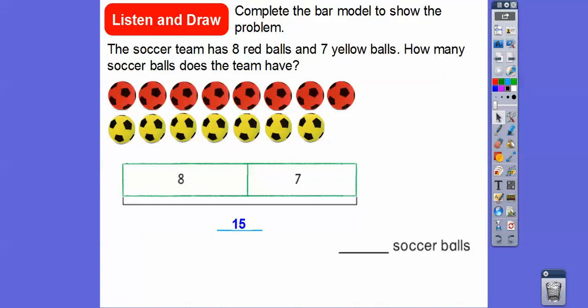So let's count. Here's eight right here — nine, ten, eleven, twelve, thirteen, fourteen, fifteen. So there's fifteen soccer balls right there. Easy enough.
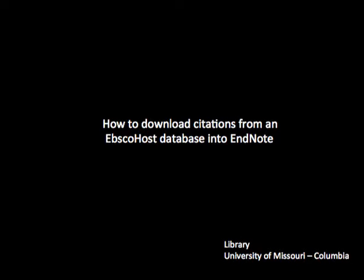This video shows you how to download citations from an EBSCOhost database into EndNote.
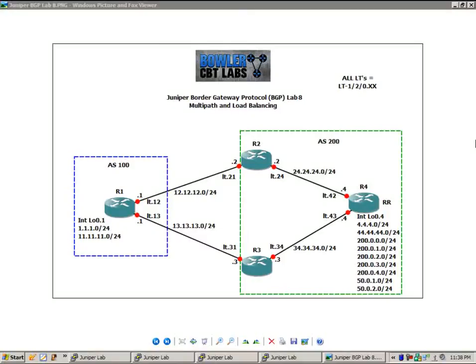Hello, my name is Steve Bowler and welcome to the Juniper Border Gateway Protocol BGP Lab Number 8.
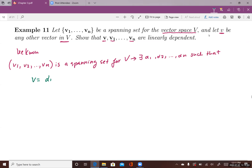So v equals alpha1*v1 plus alpha2*v2 plus ... plus alpha_n*vn. If v1, v2, to vn is a spanning set for V, then there exist scalars alpha1, alpha2, to alpha_n such that v equals alpha1*v1 plus alpha2*v2 plus ... plus alpha_n*vn.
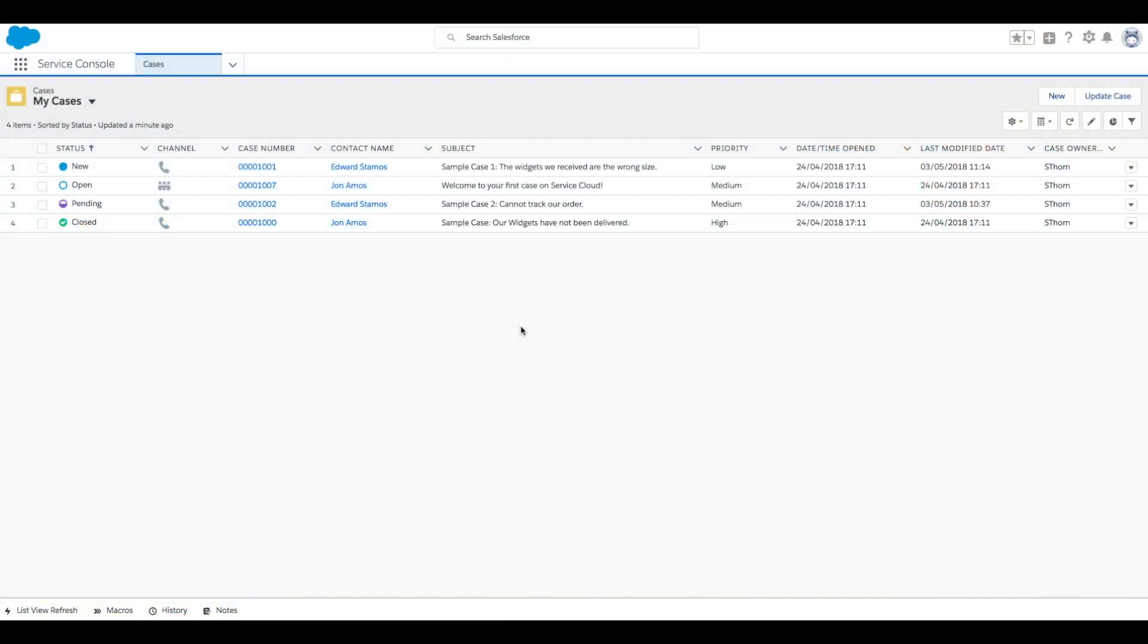In this video, we'll be walking through the setup of Email to Case in Service Cloud. Let's begin by enabling the setting for Email to Case.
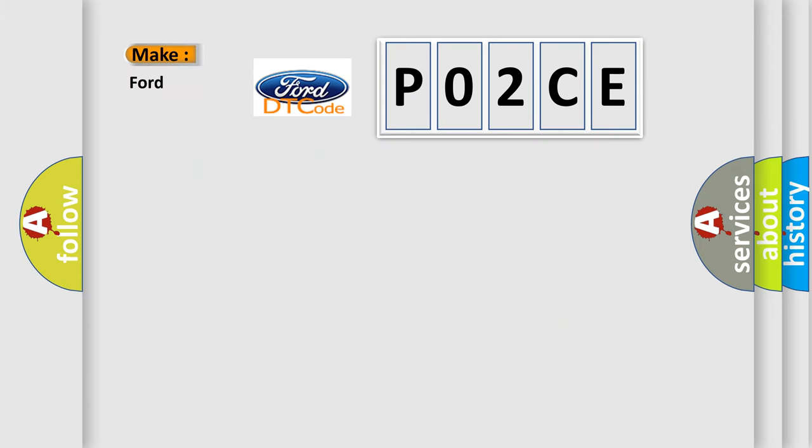So, what does the Diagnostic Trouble Code PO2CE interpret specifically for Infinity car manufacturers?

=======

* [What is being asked]: Take only the line containing "So v equals" and every line after it to the end of the entries, and copy them exactly, pictures excluded.

* [Output of the exercise]:
So v equals alpha1*v1 plus alpha2*v2 plus ... plus alpha_n*vn. If v1, v2, to vn is a spanning set for V, then there exist scalars alpha1, alpha2, to alpha_n such that v equals alpha1*v1 plus alpha2*v2 plus ... plus alpha_n*vn.
In this video, we'll be walking through the setup of Email to Case in Service Cloud. Let's begin by enabling the setting for Email to Case.
So, what does the Diagnostic Trouble Code PO2CE interpret specifically for Infinity car manufacturers?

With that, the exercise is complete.